_PROBLEM REQUIREMENTS_: Copy every record word for word. Pictures are not part of the copy.

_MATERIAL PROVIDED_:

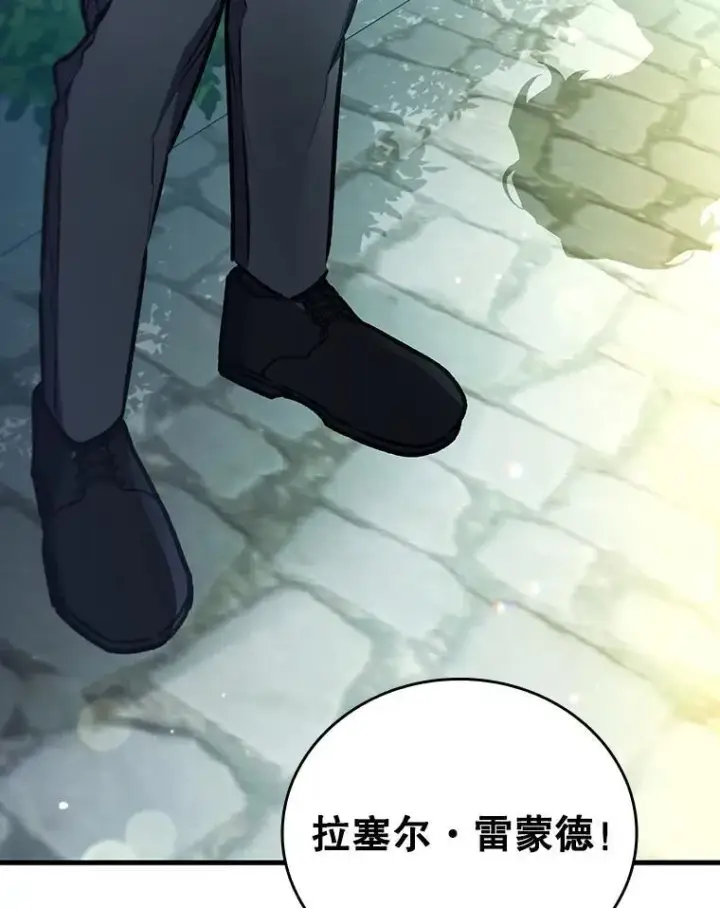 漫画《吞龙魔法师》4.进阶第42张图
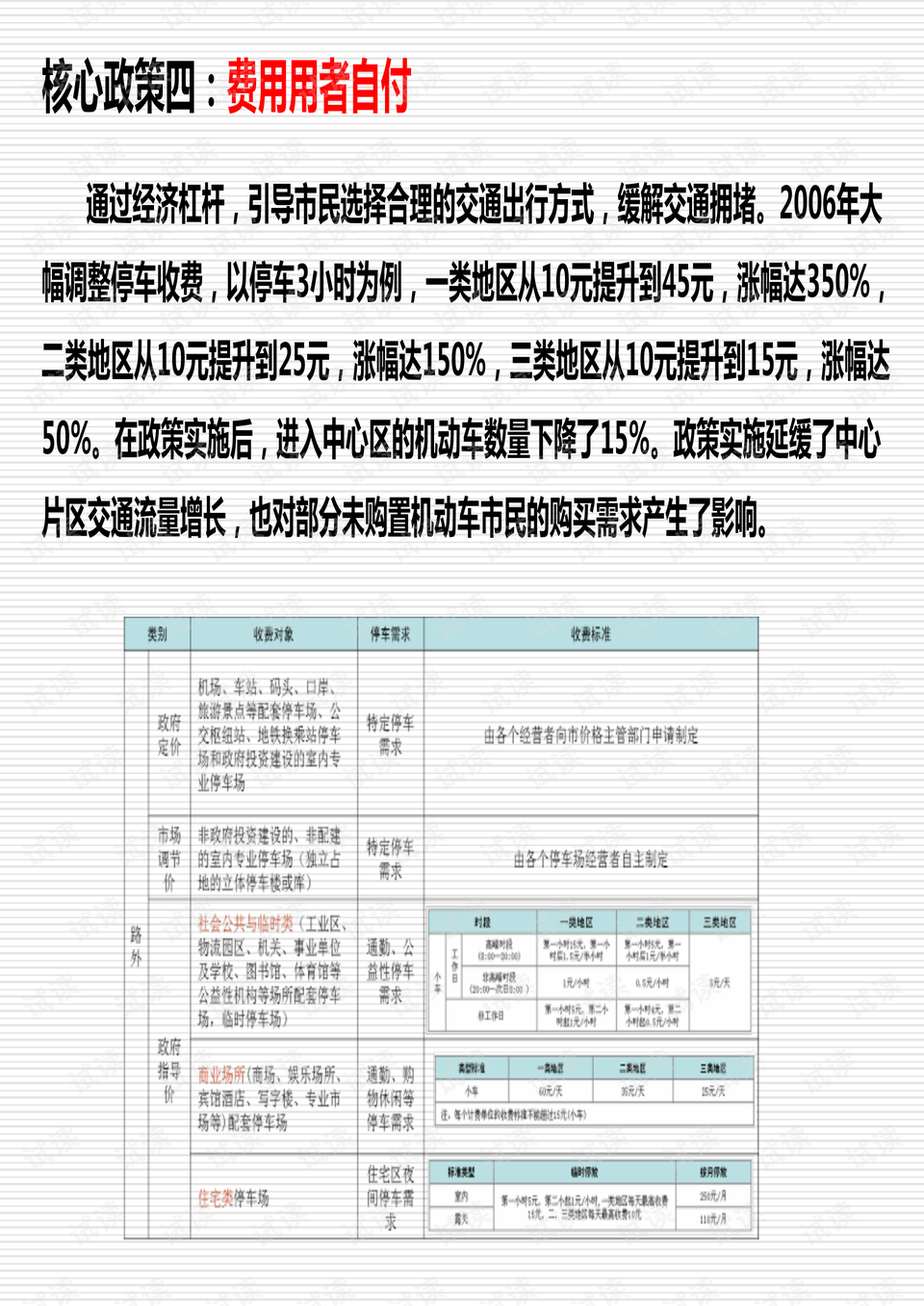 新澳天天开奖资料大全三中三,质地解答解释落实_V74.469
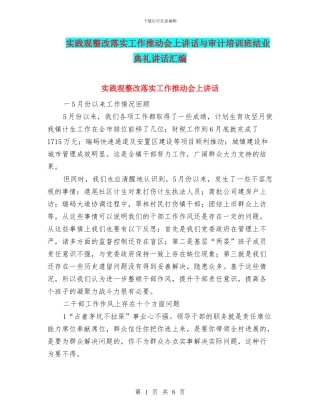 实践观整改落实工作推进会上讲话与审计培训班结业典礼讲话汇编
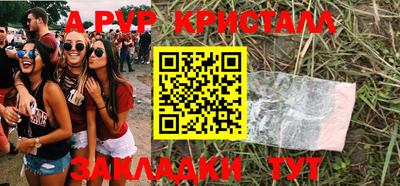 мефедрон Кингисепп
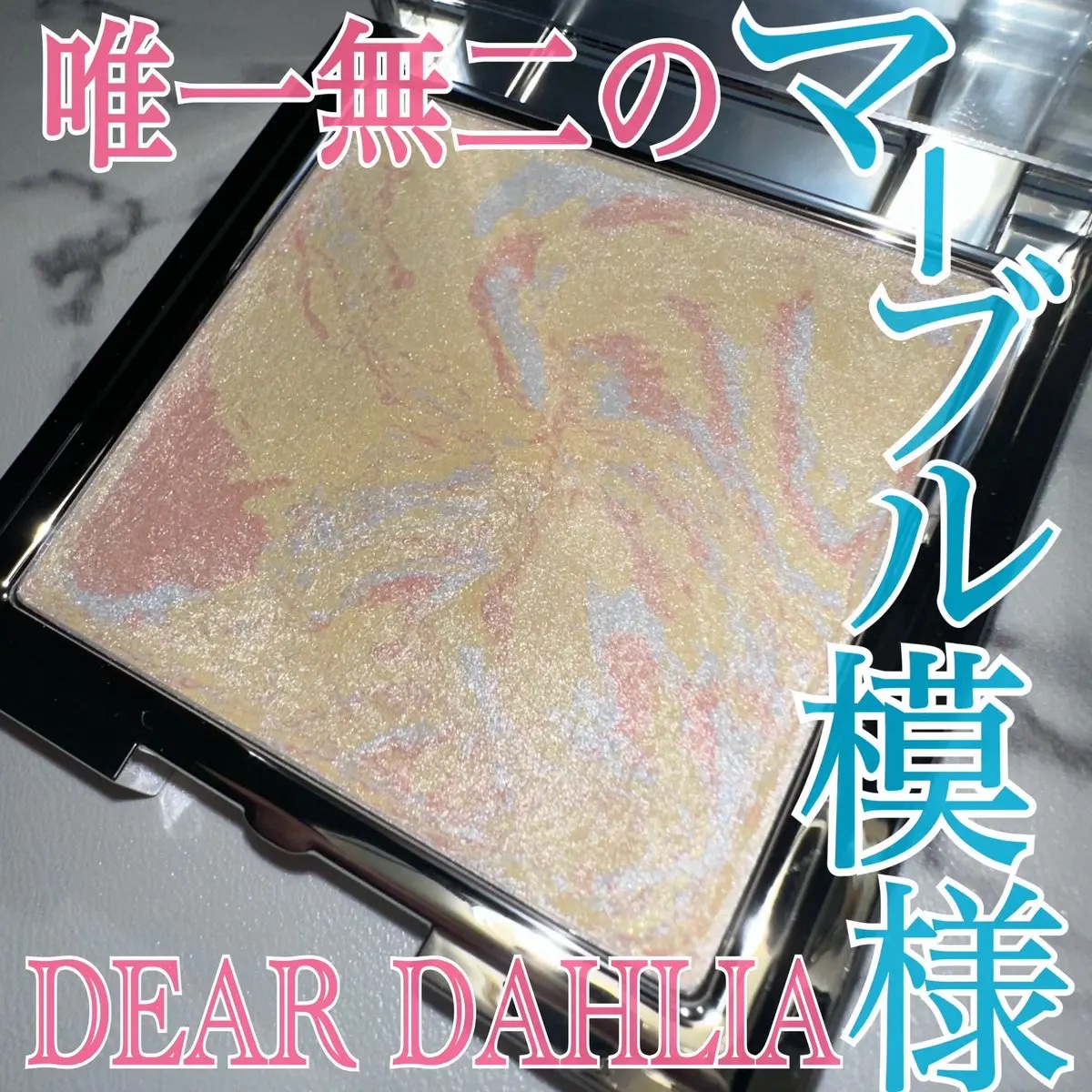 スキンルミナスハイライター/DEAR DAHLIA/パウダーハイライトを使ったクチコミ（1枚目）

_REPLY TO THE TASK_:
 漫画《吞龙魔法师》4.进阶第42张图
 新澳天天开奖资料大全三中三,质地解答解释落实_V74.469
 实践观整改落实工作推进会上讲话与审计培训班结业典礼讲话汇编
 мефедрон Кингисепп
 スキンルミナスハイライター/DEAR DAHLIA/パウダーハイライトを使ったクチコミ（1枚目）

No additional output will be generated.